**Dataset extract**
* * * *

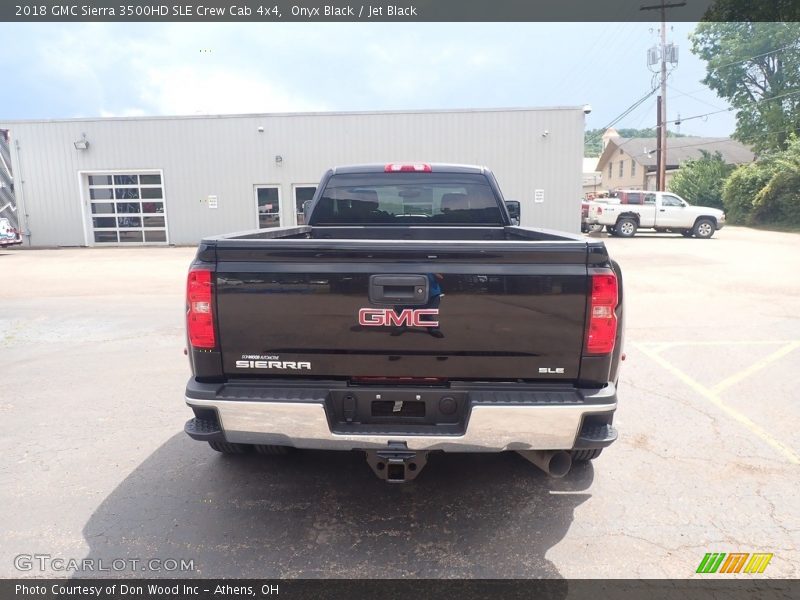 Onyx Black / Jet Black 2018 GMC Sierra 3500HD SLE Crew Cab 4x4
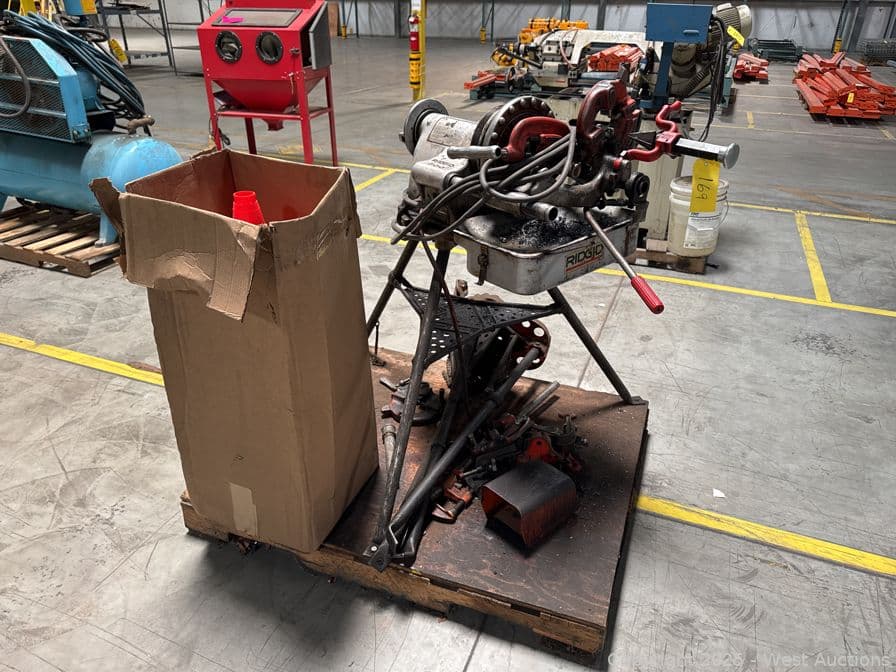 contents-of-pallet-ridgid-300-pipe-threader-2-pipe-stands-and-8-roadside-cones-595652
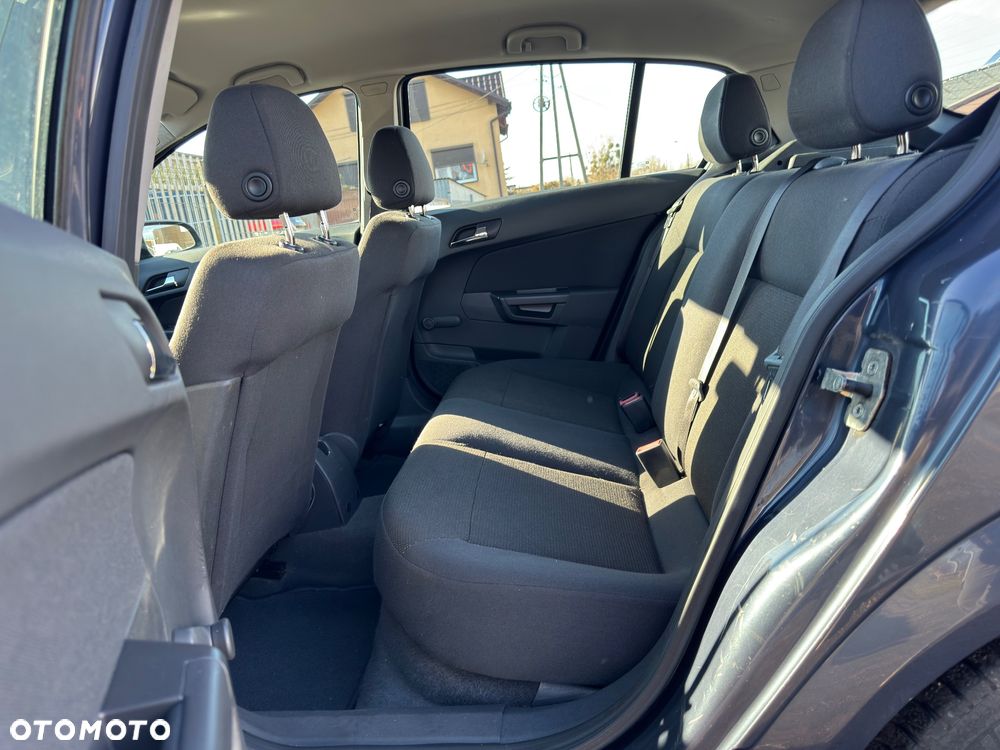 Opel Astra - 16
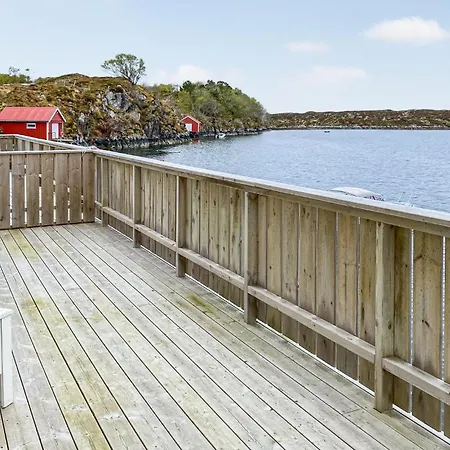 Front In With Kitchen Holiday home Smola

* * * *

**To do**
Could you copy the listing above exactly, without its pictures?

**Exercise output**
 Onyx Black / Jet Black 2018 GMC Sierra 3500HD SLE Crew Cab 4x4
 contents-of-pallet-ridgid-300-pipe-threader-2-pipe-stands-and-8-roadside-cones-595652
 Opel Astra - 16
 Front In With Kitchen Holiday home Smola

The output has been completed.